The move by the FCC in the US to roll back restrictive net neutrality regulation as it relates to regulating the Internet is a “victory for telecoms, consumers and economies” Digicel observed as they urged Caribbean regulators to take note and not simply apply a blanket one size fits all approach in their markets.

Digicel supports an open internet but the strict approach to net neutrality previously adopted in the US favoured the interests of the large Internet companies like Google and Facebook (who notably invest no money in infrastructure) while stifling innovation and seriously hampering the telecoms companies who provide and pay for the Internet networks.

The new approach now being put forward by the FCC recognises that micro-managing the internet leads to reduced investment in broadband networks and creates unnecessary red tape and uncertainty for investors.
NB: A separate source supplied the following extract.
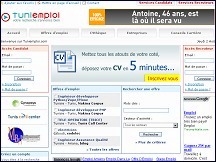 Aper�u du site Tuniemploi.com - sp�cialiste de l'emploi en Tunisie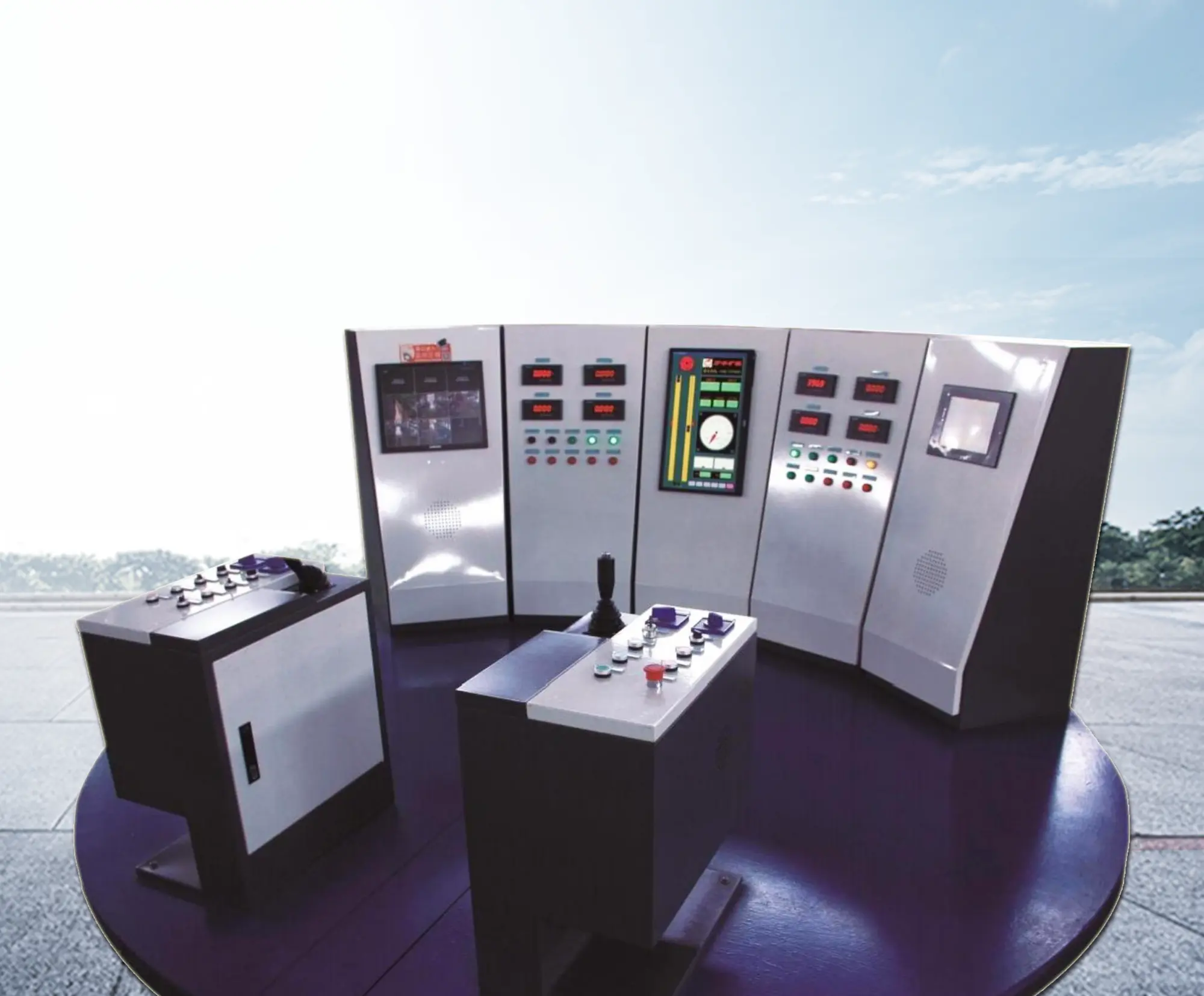 PLC (low voltage) electric control equipment for mine hoist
It recognises that not all traffic on the Internet needs to be treated in the same way and gives freedom and flexibility to network operators and content providers to offer a wider range of services so that consumers can choose the one that suits them.

The move by the FCC in the US to a more light touch form of internet regulation is designed to encourage investment in networks. This is instructive for the markets of the Caribbean where the positive economic impact of broadband access is evident but where the most investment in broadband networks is needed. Digicel believes that this is important to ensure that the Caribbean is a key player in the digital economy and that it is not only regions such as Silicon Valley that benefit from the online revolution.
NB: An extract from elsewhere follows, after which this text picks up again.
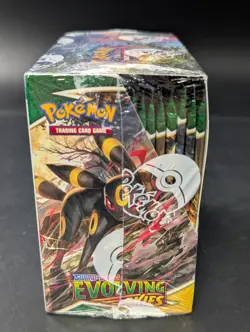 #1 Pokemon Evolving Skies Booster Box SEALED w/ Acrylic Case Mint Sword & Shield - Image 4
In welcoming the move by the FCC in the US, Vanessa Slowey, CEO for Digicel Caribbean and Central America, said; “It’s a case of horses for courses rather than one size fits all. This is a victory for telecoms, consumers and economies.”

She continues; “It’s only with this tailored and considered regulatory approach that infrastructure providers like Digicel can continue to invest with certainty in our networks and in turn help to propel the knowledge economy in the region. We would urge regulators across the Caribbean to take note of the developments in the US and would welcome a debate about desired policy outcomes for the region such as expanding broadband access before imposing restrictive regulations.”